Il massimo rendimento delle miniere si ebbe intorno alla metà del 1600 quando vennero aperte quattro gallerie (di cui una lunga un chilometro) e si potevano estrarre fino a 10mila secchi di minerale, tanto da permettere il funzionamento contemporaneo di ben nove forni fusori: otto veneti, distribuiti nelle valli di Agordo e Zoldo, e uno vescovile. Quest'ultimo, situato presso il castello di Andraz, nel 1558 fu poi spostato, per la scarsità di legname, a Valparola e quindi a Piccolino in Val Badia. Per garantirne la provenienza e la qualità, il ferro veniva marchiato con l'agnello, simbolo vescovile di Bressanone. Dal prezioso minerale il vescovo ne ricavò cospiscue entrate mentre non molto andò a beneficio del paese di Colle.
Un accordo con i vescovili consentì di lavorare le miniere fino alla loro chiusura, verso il 1753. La società Breda le riaprì per breve tempo, nel periodo autarchico 1938-1943, con la miniera detta "Valle dell'agnello". La definitiva chiusura si ebbe nel 1945.

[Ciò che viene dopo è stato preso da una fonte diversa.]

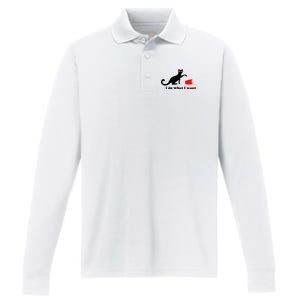 I Do What I Want Evil Cat Performance Long Sleeve Polo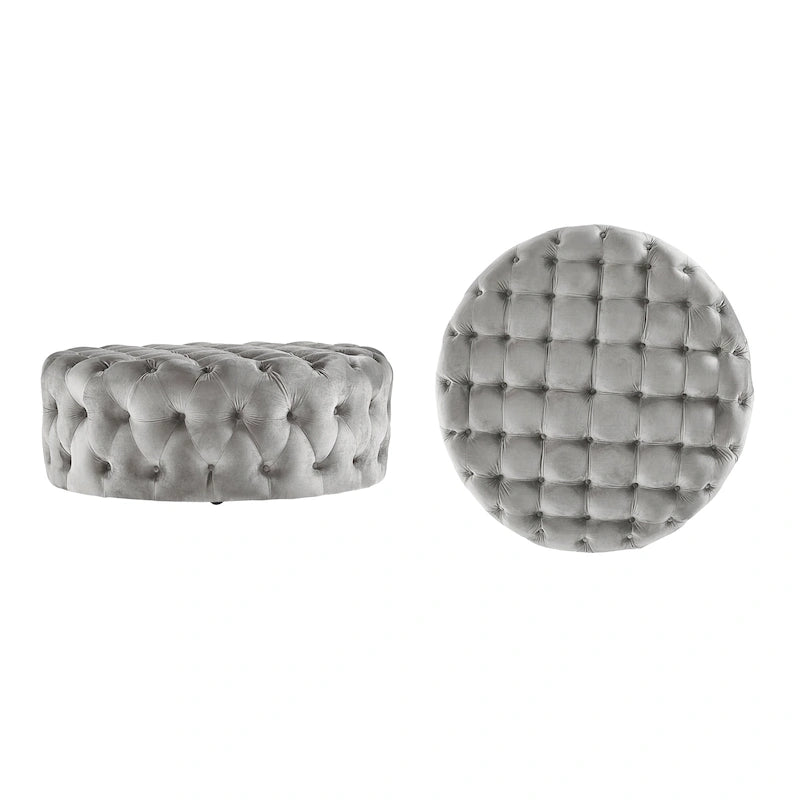 Pouf rotondo trapuntato con rotelle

Di tale secolare importanza manifatturiera oggi rimangono precisi segni storici sul territorio: oltre al castello di Andraz, nei pressi del passo Falzarego, a Colle Santa Lucia la Casa Chizzali Bonfadini (detta anche "Cèsa de Jan", posta vicino alla piazza del paese) e tratti della "Strada da la Vena", l'antica via del ferro che univa i luoghi della coltivazione delle "vene" a Colle Santa Lucia a quello della fusione del minerale al castello di Andraz.